Gabriel Martinez, coordinateur général du RFCP - Réseau Français de la construction paille.(© RFCP)
Si le plus ancien bâtiment paille recensé est la Maison Feuillette, à Montargis (Loiret), qui date de 1920, la construction paille démarre dans les années 90, surtout en auto-construction. "La véritable impulsion du marché date de 2012, notamment au travers de la commande publique", note Gabriel Martinez. "La France est probablement aujourd’hui le pays d’Europe comptant le plus de logements, d’écoles, de bureaux et de bâtiments industriels isolés en paille."
C’est à cette époque que le RFCP a rédigé les Règles professionnelles de la construction en paille (RP CP 2012 - remplissage isolant et support d’enduit, dont la dernière révision date de 2018). Dans ce cadre, les ouvrages isolés en paille de blé, conçus et construits conformément à ces règles appartiennent dès lors aux “techniques courantes” de construction.

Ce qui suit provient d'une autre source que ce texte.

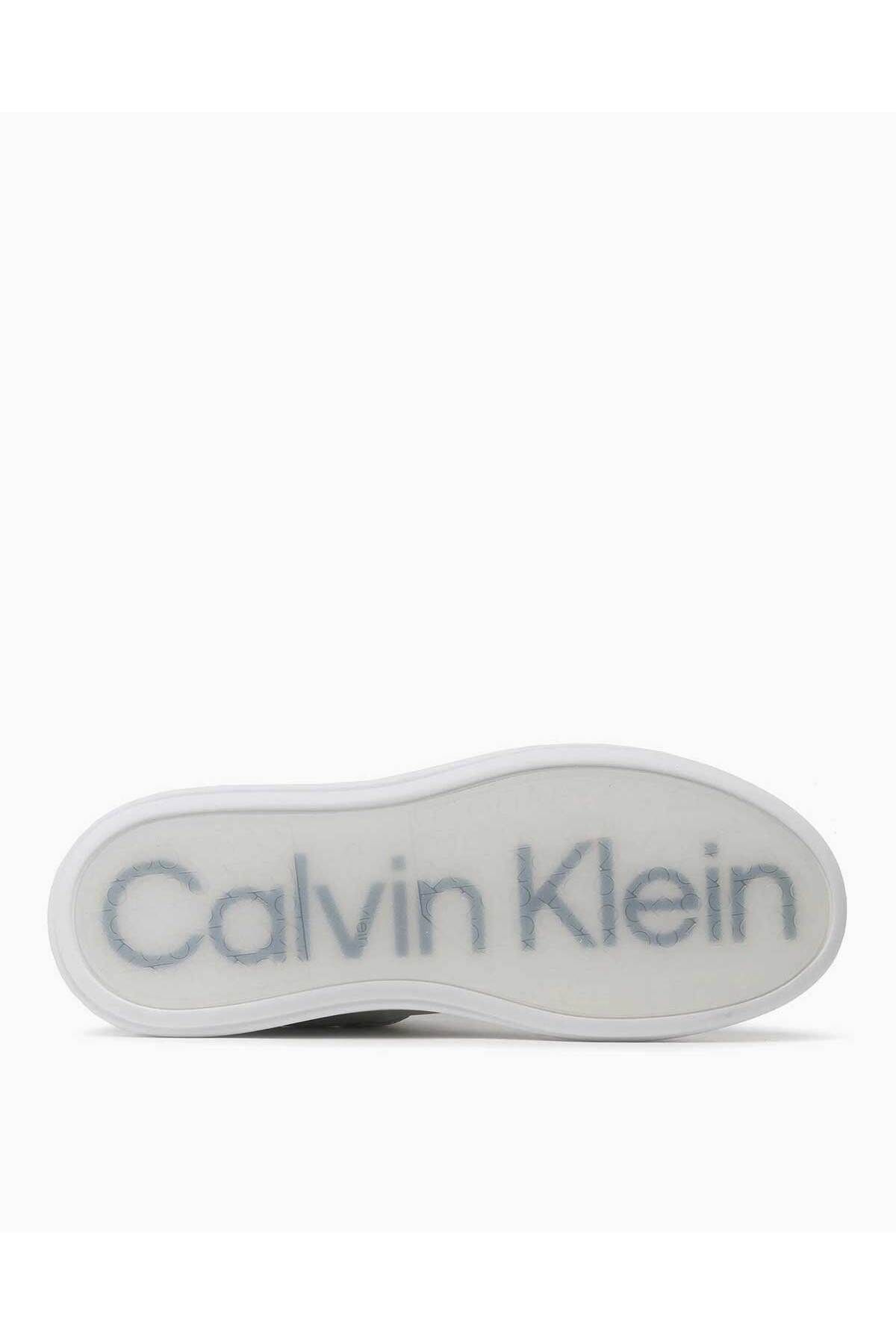 Calvin Klein-Nízke šnurovacie tenisky 5
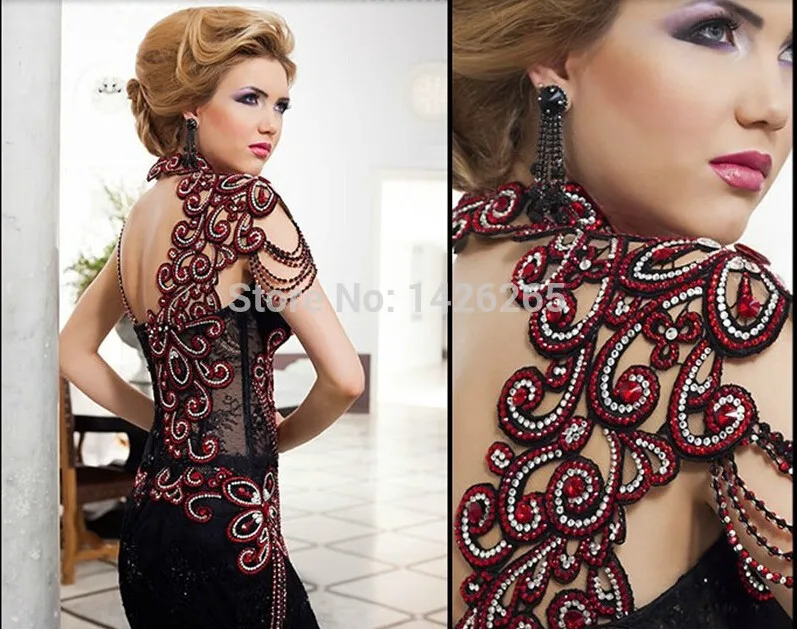 Vestido de renda longo вечерние платье для выпускного Расшитое бисером сексуальное robe de soiree стиль кружевное длинное вечернее платье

Les régions actuellement les plus dynamiques sont le Centre-Val de Loire, les Pays de la Loire et la Nouvelle Aquitaine, qui comptent le plus grand nombre d’appels d’offres publics. "Les Hauts de France sont aussi très dynamiques depuis quelques années. Ce développement est le résultat du gros travail mené par les filières locales."
Généralement associée au bois, la paille en qualité d’isolant se met en œuvre classiquement dans une ossature bois avec panneaux de contreventement (selon le DTU 31.2) ou dans une charpente poteaux-poutres (suivant le DTU 31.1).
En termes de surfaces construites, la préfabrication est la plus utilisée des techniques, et ce pour des bâtiments de toutes tailles. Isolés et fermés en atelier, les murs caissons sont ensuite levés en quelques jours sur le chantier.
"Les PME et même des TPE de 5-6 personnes sont outillées pour ce type de mise en œuvre en atelier, qui permet de s’affranchir des intempéries et de travailler plus confortablement", indique Gabriel Martinez, qui insiste : "le seul impératif est que les caissons ne soient pas exposés à la pluie entre le déchargement et la finalisation de l’étanchéité du toit. Le mur mouillé est le sinistre le plus courant et il est lié à un manque de formation des poseurs ou au mauvais phasage d’un chantier découpé en lots."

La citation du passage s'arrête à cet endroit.